Wednesday, January 21, 2009

A new dream...


My friend Jack was ten feet behind Bobby Kennedy in the Chicago kitchen. His son flew to DC to watch Edward Kennedy watch Barack Hussein become president. Jack died of leukemia caught from Agent Orange exposure from a stint in Vietnam as a Conscientious Objector, serving as reporter, not soldier, but still dying before his sons were grown.

A man younger than the baby boomers stands and serves. Younger, hipper. Crowds watch him like the crowds I once joined on the Washington Mall, smashed between angry voices and raised fists. We shall overcome blared from tinny speakers- no large digital video screens then. They housed us in a public building, on cots. I don’t remember where. Jack told us about the blood and the chaos in the kitchen. We knew we’d been betrayed. Innocence stripped from idealistic dreams.

Guarded, we watched classmates gunned down at Ohio State- the final warming shots across the bow. They will kill you if you object too loud, or stand too strong, or aim your vision higher than the existent power structure allows. They will kill you. Their minions stand ready in riot gear. Blackened helmets that perhaps inspired Spielberg’s Darth Vader- robotic cyborgs. With one hammer, they draw the blow.

United and uniform and as if one person, the warriors of the ruling class lost their individuality as they serve. And we, floral and tie-dyed and ripped jeans, reached arms out as far as we could to express ours. I had a $10 coat from a street table in the Village. Brown plaid and lined with ermine, so dry and crusty the card-sized skins hung by severed threads and floated behind me like a train. I trailed ermine up and down the west side. And in-between, the police in their NYPD blue and their riot gear brothers who eyed us suspiciously.

Pigs, Fuzz, we called them. They called us Enemy. Distrust blossomed.

And now, a man swears on a Lincoln bible to lead us to the Promised Land. God banned Moses’ entry to the Promised Land. He murdered, some scholars say, but none born of slaves were allowed entry. None could pass because they carry the mark, the stain of old. Not for lack of purity but lack of capacity. Only the new can build this new foundation. It cannot be built on recycled, torn up, discarded, worn and blacked blocks of cement, but only on the new foundation.

Those born in the old cannot disregard the broken eyes that watched the black and white images from Viet Nam and learned to hate. And watched Nixon lie and learned to hate. And watched the police pull down their black riot masks as we drew close, and learned to hate. And watched the cover up of deaths of Martin and Bobby and Jack and wondered who is running this thing? As we learned to mistrust and to hate. Trust no one over 30 was the credo. Now, AARP members all, we are full of hate, and this, this hatred, this guarded need to protect ourselves from authority and government, this mistrust keeps us from the Promised Land, keeps us locked in the old and not building the new.

Broken, like the first wave that crashes on the shore, we carve the path for future waves to make inroads as we go home to lick our wounds. And drift out to sea, to amass, regather strength. Now, millions linked by Twitter and Facebook and video streaming images of this inauguration, a mighty force of new, gathering, tsunami-like strength to crash out the old, to burst into promise, if not the Promised Land. They carry forward an ever-advancing civilization; it’s on their shoulders now.

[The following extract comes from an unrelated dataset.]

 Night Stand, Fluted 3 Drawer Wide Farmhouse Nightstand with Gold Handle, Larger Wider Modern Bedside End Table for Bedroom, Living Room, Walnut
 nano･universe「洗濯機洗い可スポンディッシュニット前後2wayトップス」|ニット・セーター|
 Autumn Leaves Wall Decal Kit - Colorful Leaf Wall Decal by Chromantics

I kvell. I weep. My heart softens. I dare to dream to believe that maybe it is real this time. Finally, finally, the forty years in the desert is over. The wandering from slavery to freedom. Now is the freedom to build an unknown future. Freedom to build among the rubble a broader foundation that the one we ever envisioned.
Small, too small, I see now was our vision. Too small for the global load our nation must shoulder. The old foundation needs destruction from its roots and we were the first wave of that destruction. Not destined to be builders, not destined to be reconstructionists. Destined to destroy, to hate, to challenge, to antagonize, to fight until the old order gave up.

Our work here is done. Debris fields like a war zone stretch around us. Banks, and governments, prejudices and prohibitions. Jim Crow laws and Rowe v Wade. And baby boomers with hardened arteries and hardened hearts.

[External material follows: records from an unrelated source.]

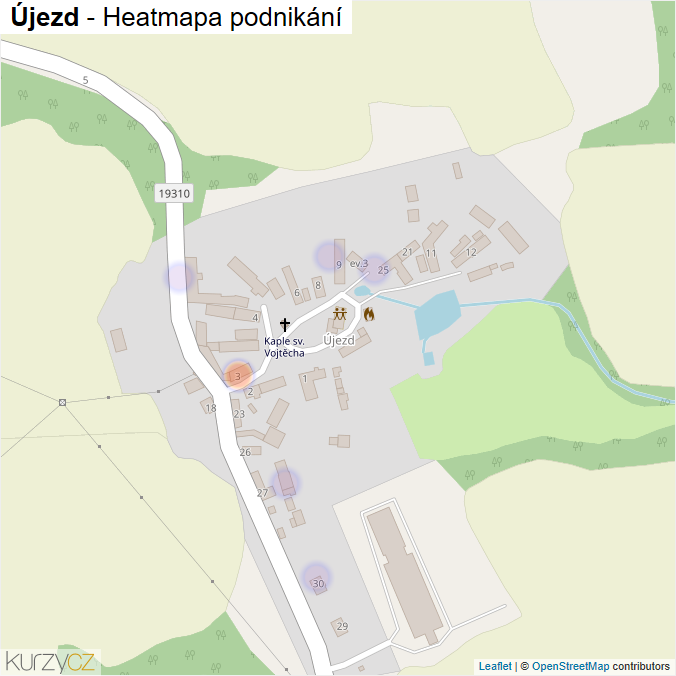 Mapa Újezd - Firmy v části obce.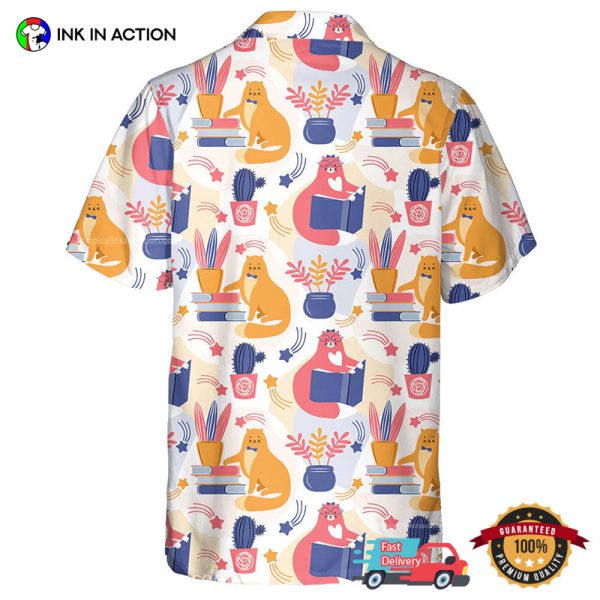 Cats And Books Hawaiian Shirt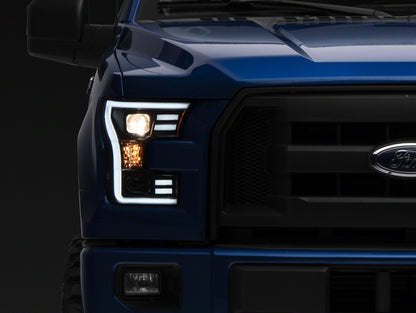 Raxiom 15-17 Ford F-150 G3 Projector Headlights w/ LED Accent- Black Housing (Clear Lens)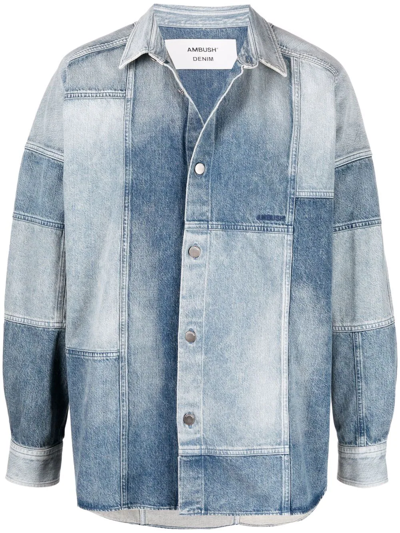 Ambush Patchwork Cotton Denim Shirt In Medium Wash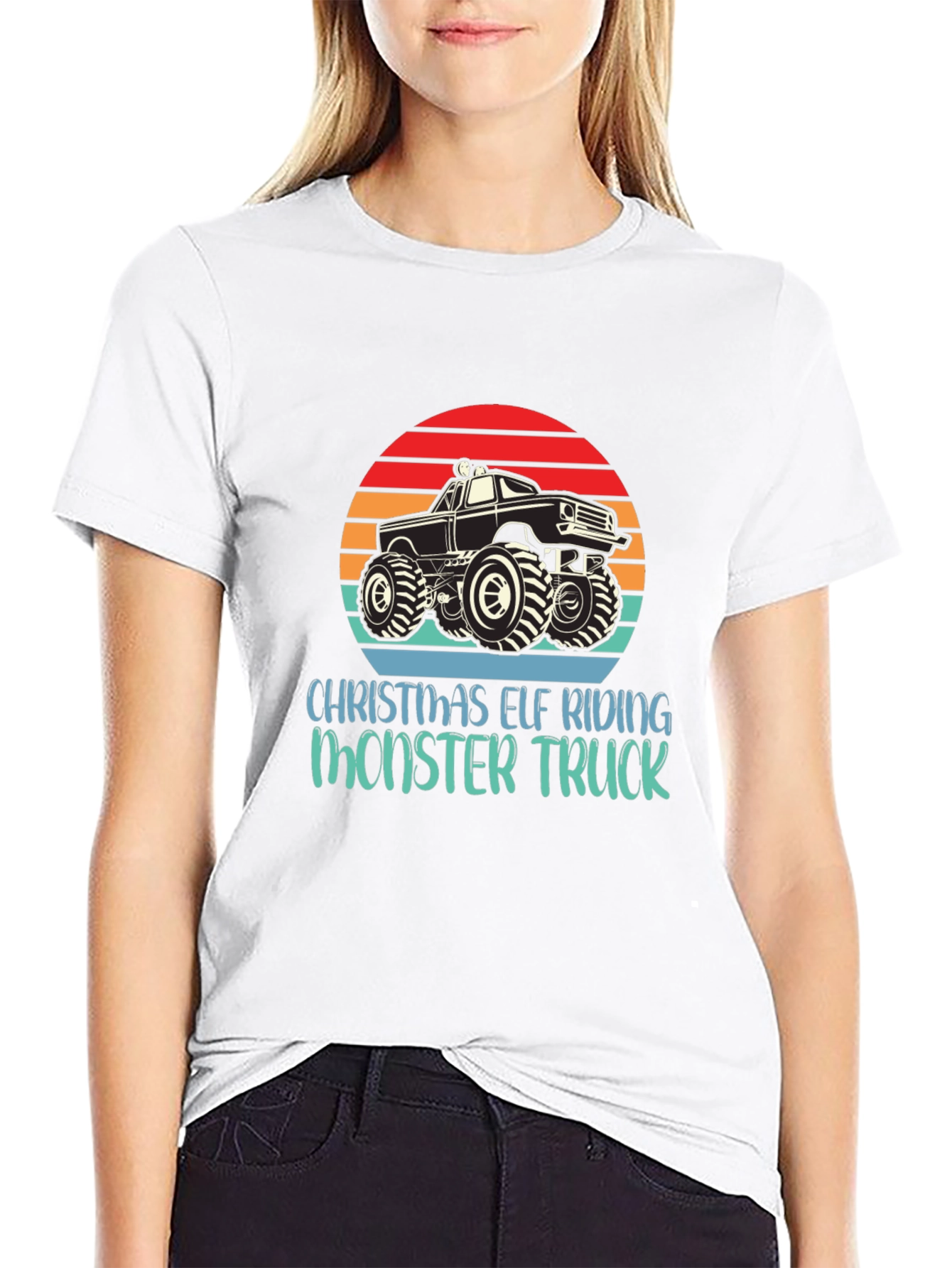 Christmas Elf Riding Monster Truck Tee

The new grass of spring glimmers under our feet. We are dressed in boots for stomping, for kicking in rebellion. For defense. And soft grass grows beneath our feet.

Have the riot troops left town or do they search for us still? They lurk in me. I watch over my shoulder for them. I am the mischief-maker and they know I’m here- hound dog smelling their prey.

I make myself small to avoid being seen, when now, around me, they rise tall and stream into the Promised Day, those not born as slaves, and raise their voices in jubilation. But they do not do the remembering. I hold my breath.

Let them pass.
Let them pass.
Let them pass into safety.
Let them pass into the dream.
Let me watch here on my hardened perch as they disappear over the horizon beyond my wildest hopes and beyond Martin’s dreams. They disappear beyond, beyond, and I am left behind to guard the rear entrance, to watch for enemies who only stalk inside my head. Disappear over the horizon into the white house on the mountaintop.